* **EXCERPTED RECORDS**
=== Begin Enclosure ===
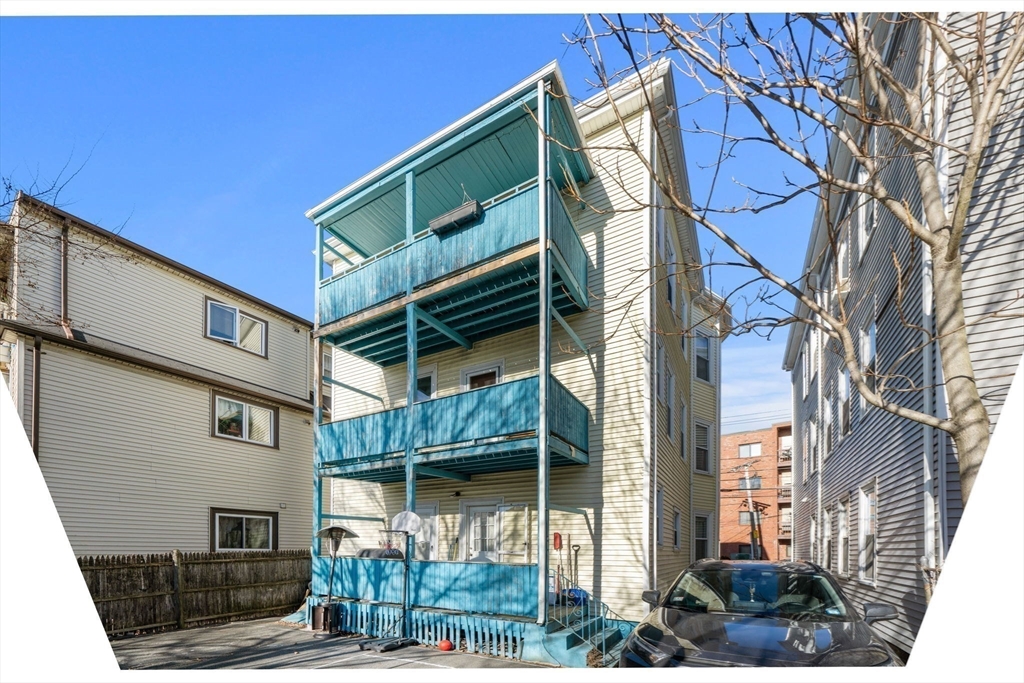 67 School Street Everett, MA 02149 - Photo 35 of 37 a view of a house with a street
=== End Enclosure ===
=== Begin Enclosure ===
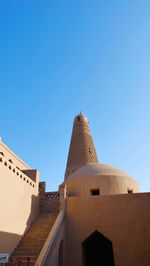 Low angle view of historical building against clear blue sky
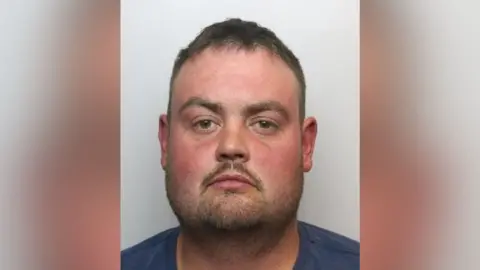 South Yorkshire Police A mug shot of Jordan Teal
=== End Enclosure ===
=== Begin Enclosure ===
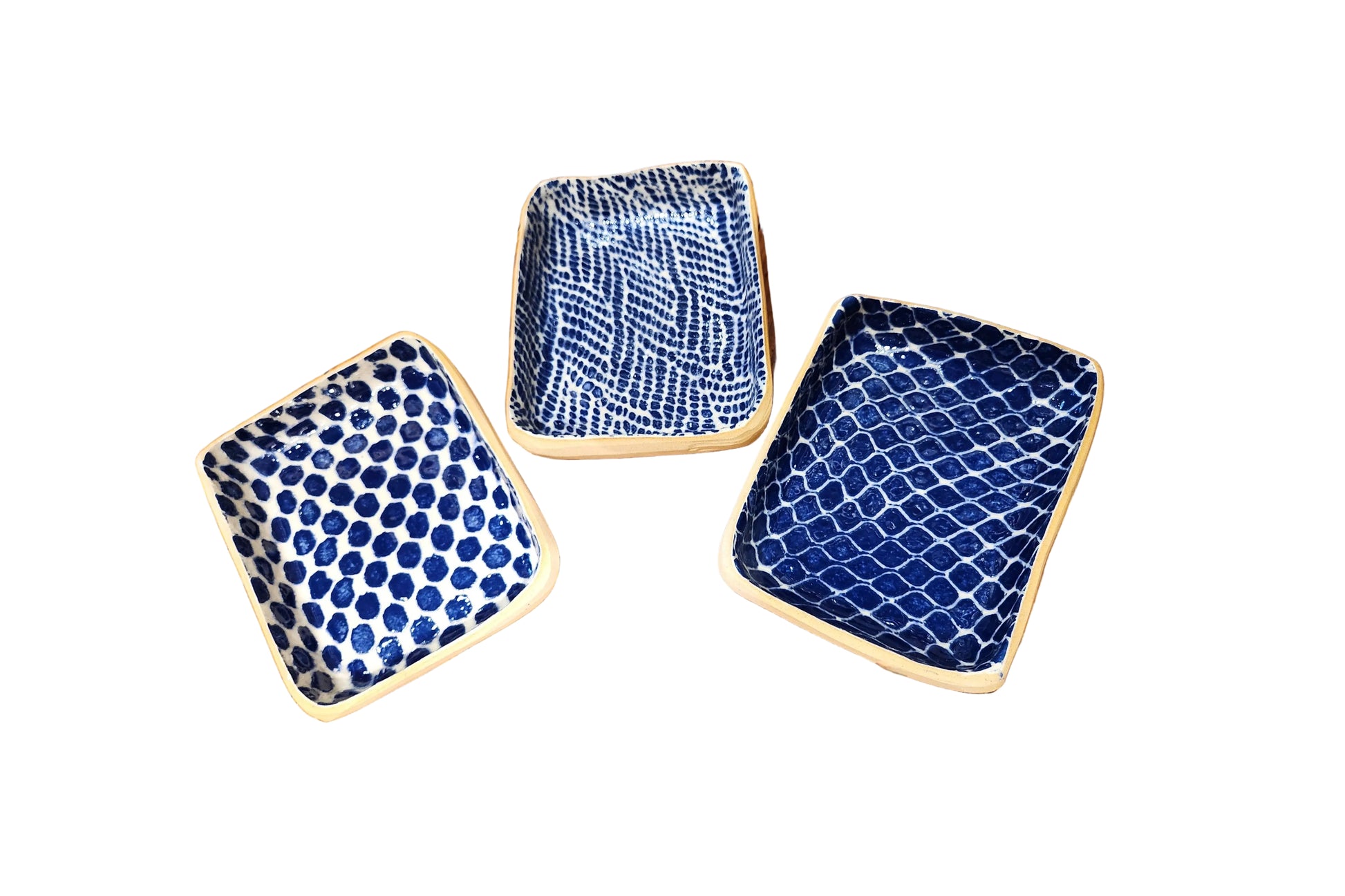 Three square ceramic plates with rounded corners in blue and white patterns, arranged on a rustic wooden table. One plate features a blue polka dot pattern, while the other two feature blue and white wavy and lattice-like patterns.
=== End Enclosure ===
* **REQUIRED WORK**
Set down exactly the lines above, from the line containing "Low angle view" through the line containing "South Yorkshire Police". Skip the pictures.

* **WRITTEN RESPONSE**
 Low angle view of historical building against clear blue sky
 South Yorkshire Police A mug shot of Jordan Teal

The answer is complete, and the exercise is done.